> [Data shown]:
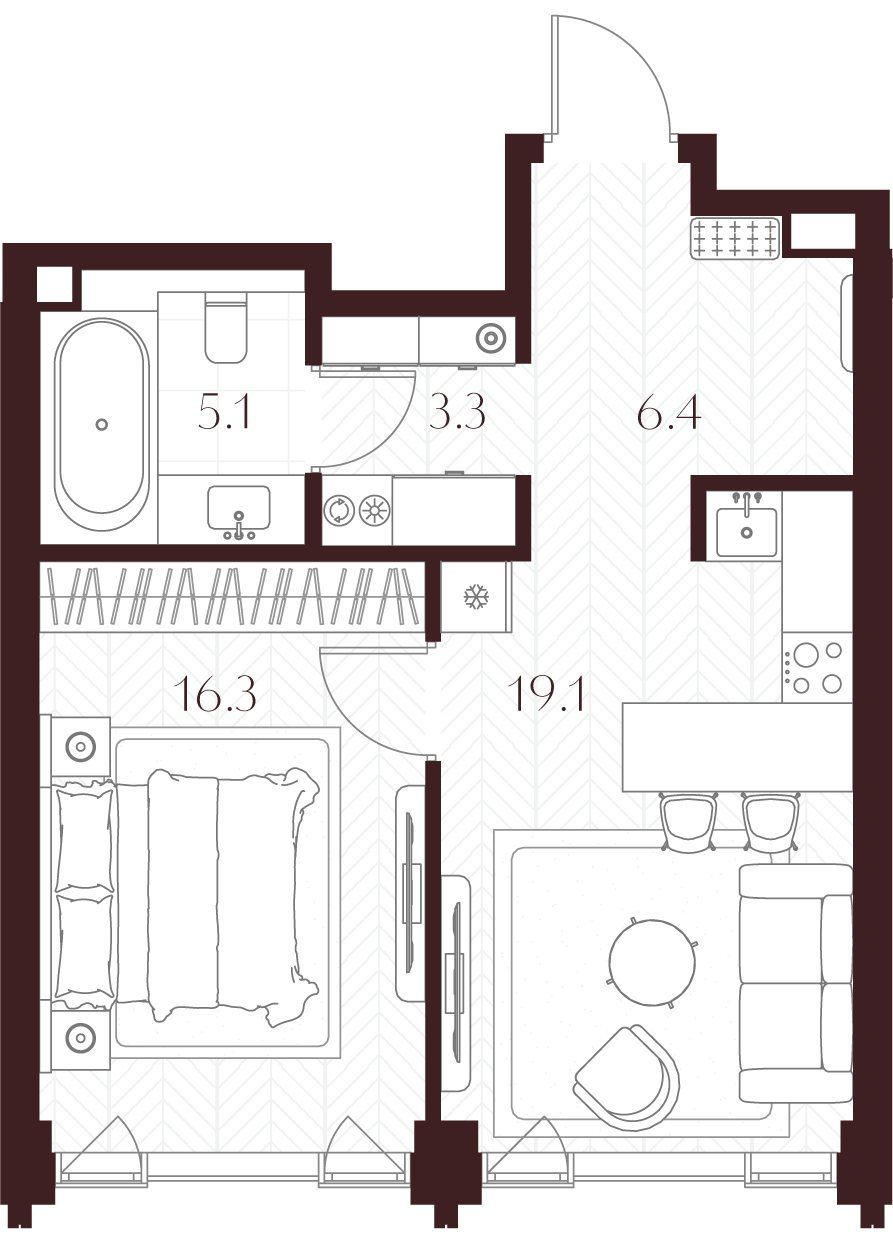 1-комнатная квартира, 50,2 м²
* * *
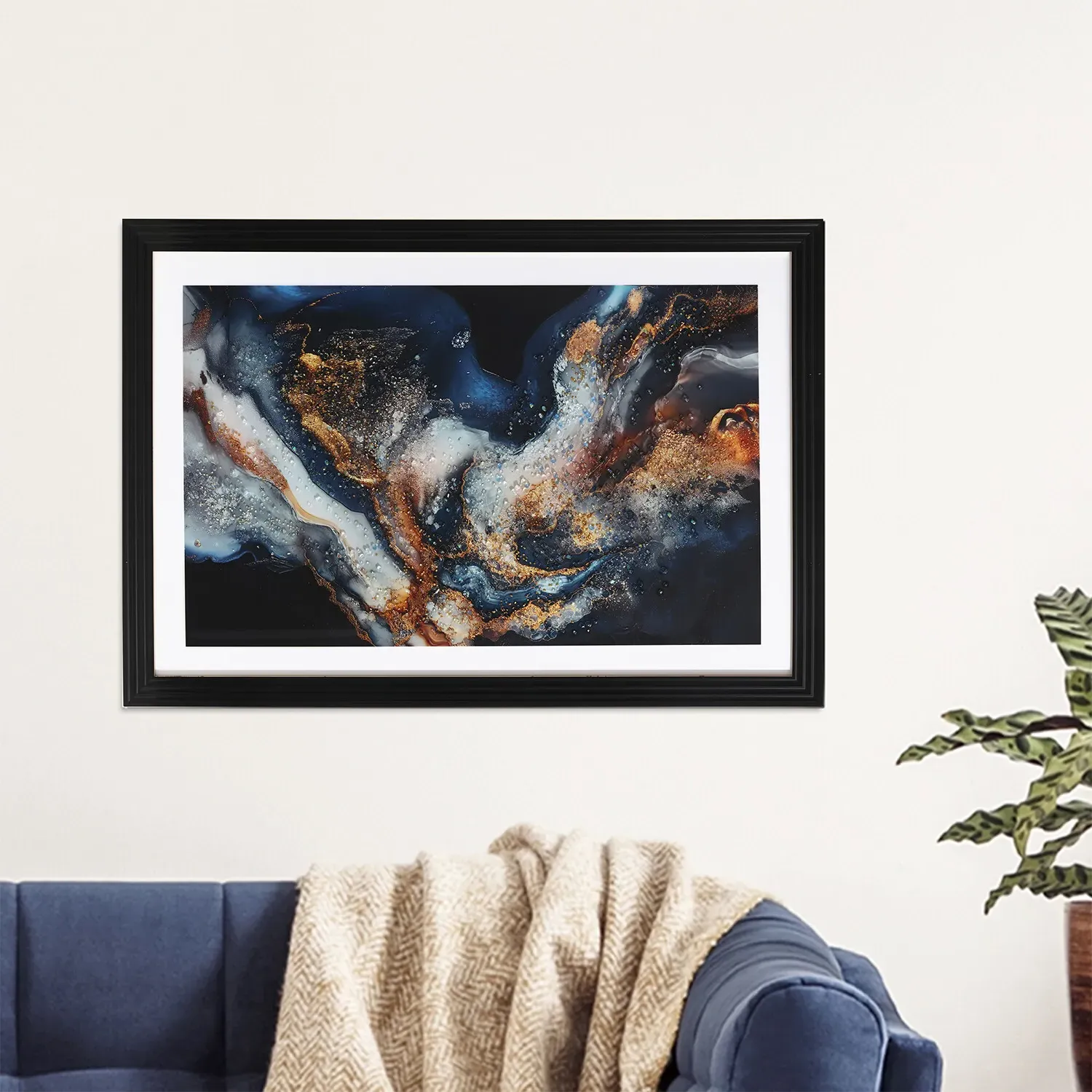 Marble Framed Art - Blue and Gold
---
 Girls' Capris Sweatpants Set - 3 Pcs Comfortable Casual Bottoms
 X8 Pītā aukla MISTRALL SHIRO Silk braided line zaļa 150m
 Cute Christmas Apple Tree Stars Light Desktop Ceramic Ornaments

> [What you are asked to do]: Take the records above and return, word for word, only the lines that fall from the line with "X8 Pītā aukla" to the line with "Cute Christmas Apple", both of them included.

> [Answer for the task]:
 X8 Pītā aukla MISTRALL SHIRO Silk braided line zaļa 150m
 Cute Christmas Apple Tree Stars Light Desktop Ceramic Ornaments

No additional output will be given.